Artikel 9:

8
Artikel 9
10
  • 1. 
    De Raad van bewind beslist over financieringen, met name in de vorm van kredieten en garanties, en over het aangaan van leningen; hij stelt de rentevoet vast voor de door de Bank verstrekte leningen alsmede de provisies en overige verplichtingen. Hij kan op grond van een met gekwalificeerde meerderheid van stemmen genomen besluit, bepaalde bevoegdheden aan de directie delegeren. Hij bepaalt onder welke voorwaarden en op welke wijze deze delegatie geschiedt en ziet toe op de uitvoering ervan.

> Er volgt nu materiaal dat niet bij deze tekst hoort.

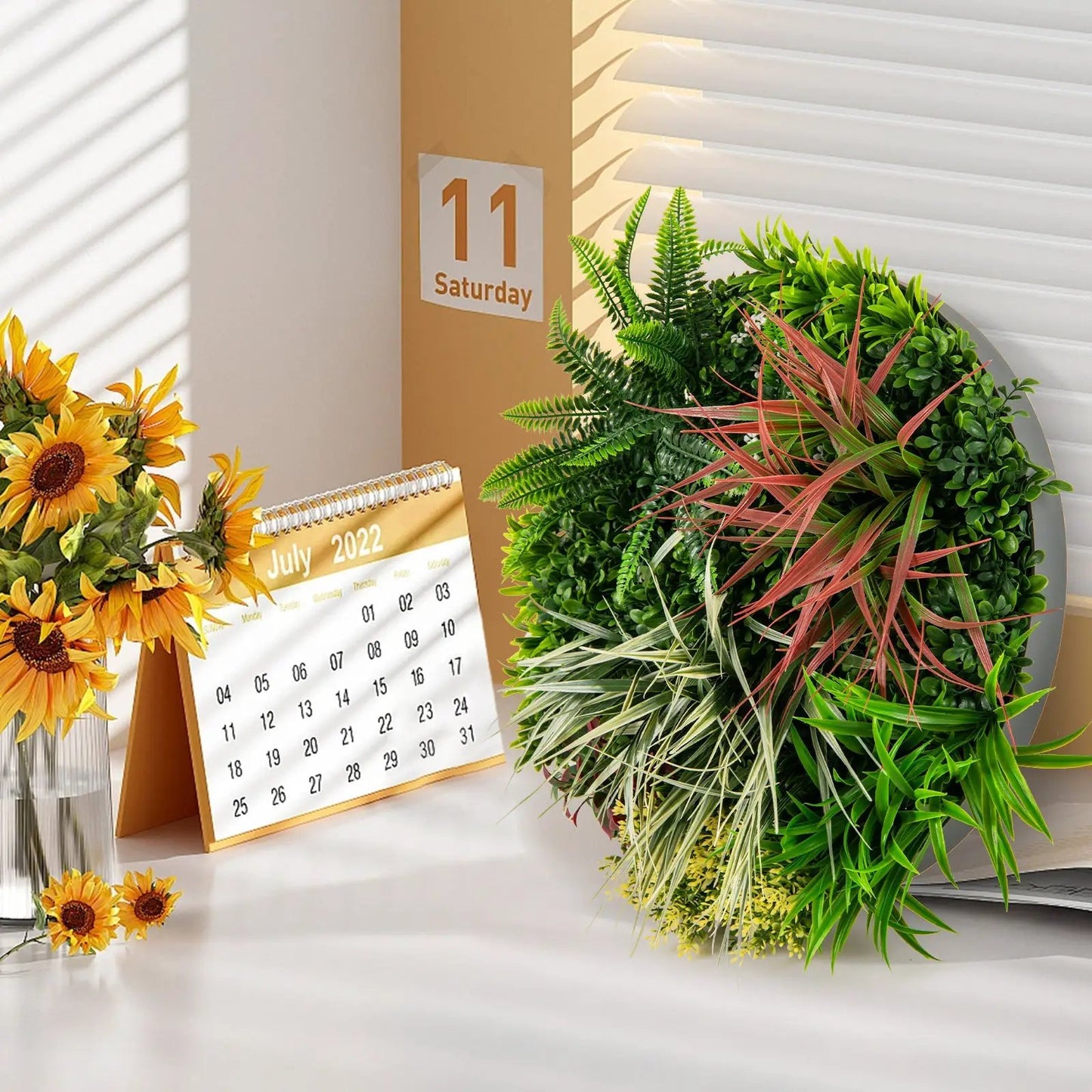 2 Pack Square Framed Artificial Foliage Wall Art - Tampa Home & Garden Store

    De Raad van bewind ziet toe op een goed bestuur van de Bank; en zorgt ervoor dat het beheer van de Bank plaatsvindt in overeenstemming met de Grondwet en dit statuut en met de algemene richtlijnen welke door de Raad van gouverneurs worden vastgesteld.

    Na het boekjaar brengt hij verslag uit aan de Raad van gouverneurs en maakt dit verslag na goedkeuring bekend.

  • 2. 
    De Raad van bewind bestaat uit zesentwintig bewindvoerders en zestien plaatsvervangers.

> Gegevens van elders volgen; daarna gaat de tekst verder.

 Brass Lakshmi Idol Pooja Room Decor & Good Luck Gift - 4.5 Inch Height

    De bewindvoerders worden door de Raad van gouverneurs voor een periode van vijf jaar benoemd, waarbij iedere lidstaat een bewindvoerder aanwijst. Ook de Commissie wijst een bewindvoerder aan.

    De plaatsvervangende bewindvoerders worden door de Raad van gouverneurs voor een periode van vijf jaar benoemd, en wel als volgt:

    • twee plaatsvervangers aangewezen door de Bondsrepubliek Duitsland,
    • twee plaatsvervangers aangewezen door de Franse Republiek,
    • twee plaatsvervangers aangewezen door de Italiaanse Republiek,
    • twee plaatsvervangers aangewezen door het Verenigd Koninkrijk van Groot-Brittannië en Noord-Ierland,
    • een plaatsvervanger in onderlinge overeenstemming aangewezen door het Koninkrijk Spanje en de Portugese Republiek,
    • een plaatsvervanger in onderlinge overeenstemming aangewezen door het Koninkrijk België,

      het Groothertogdom Luxemburg en het Koninkrijk der Nederlanden,

    • een plaatsvervanger in onderlinge overeenstemming aangewezen door het Koninkrijk Denemarken, de Helleense Republiek en Ierland,
    • een plaatsvervanger in onderlinge overeenstemming aangewezen door de Republiek Oostenrijk, de Republiek Finland en het Koninkrijk Zweden,
    • drie plaatsvervangers in onderlinge overeenstemming aangewezen door de Tsjechische Republiek, de Republiek Estland, de Republiek Cyprus, de Republiek Letland, de Republiek Litouwen, de Republiek Hongarije, de Republiek Malta, de Republiek Polen, de Republiek Slovenië en de Slowaakse Republiek,
    • een plaatsvervanger aangewezen door de Commissie.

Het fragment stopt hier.